Assistant Examiner: Beyer; James E.
Attorney, Agent or Firm: Squillaro; Jerome C., Moore, Jr.; Charles L.
Claims
What is claimed is:
1. A method for increasing response to low intensity radiation in a
radiation detector having a housing surrounding a chamber, a window
adjoining the chamber and a first slot formed in one side of the chamber
for admitting a circuit board into the chamber, the board supporting an
array of elongated detector elements on a surface thereof, an electrically
conductive plate within the chamber and substantially parallel with the
array of detector elements, sealant means in the slot surrounding the
circuit board for providing a gas impervious seal, an ionizable gas
contained in the chamber under high pressure and a collimator comprising a
pair of spaced parallel plates mounted in a collimator support and
positioned outside the chamber for directing ionizing radiation through
the window for detection, the method comprising the steps of:
reducing the window thickness to a value below that required to withstand
gas pressure in the chamber without distortion; and
clamping the collimator support to the housing and against the window such
that a major portion of the window abuts the collimator support and is
externally supported thereby, the collimator support having a second slot
formed therein of a selected width to prevent the window from being
distorted by the high pressure ionizable gas.

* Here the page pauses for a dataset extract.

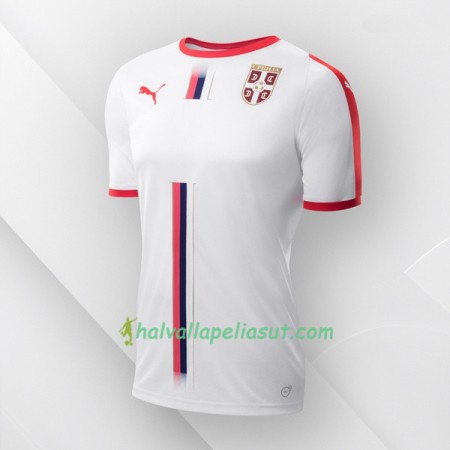 Jalkapallo Pelipaidat Serbia World Cup 2018 Vieraspaita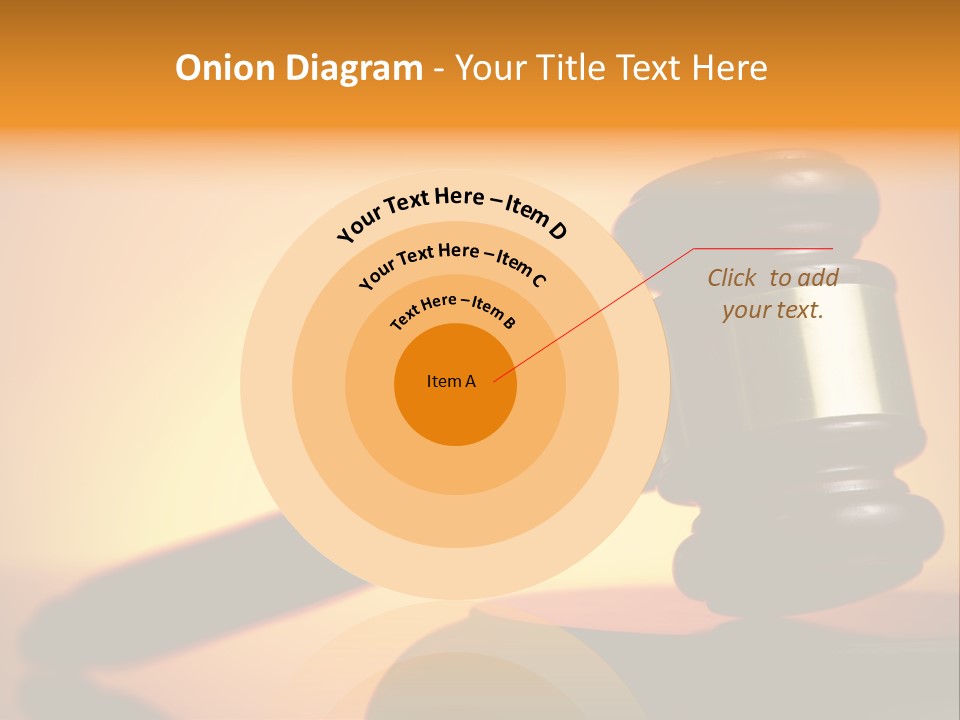 Legislation Jury Guilty PowerPoint Template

2. The method of claim 1 and further including the step of orienting the
collimator support whereby the collimator abuts the window, the collimator
having a selected spacing between its plates to prevent the window from
being bowed outwardly by the high pressure ionizable gas.
3. The method of claim 1 wherein the chamber comprises a first elongated
steel end plate having a first concavity formed therein and a second
elongated aluminum insert having a second concavity formed therein, the
chamber being formed by abutting the steel end plate with the aluminum
insert with the first and second concavities being aligned, the step of
reducing the window thickness comprising the step of machining material
from within said second concavity to reduce wall thickness of said insert.
4. The method of claim 1 wherein the step of reducing window thickness
includes the step of removing window material until window thickness is
between about 0.03 and 0.01 inches.
5. The method of claim 1, wherein the selected width is about 0.02 inches.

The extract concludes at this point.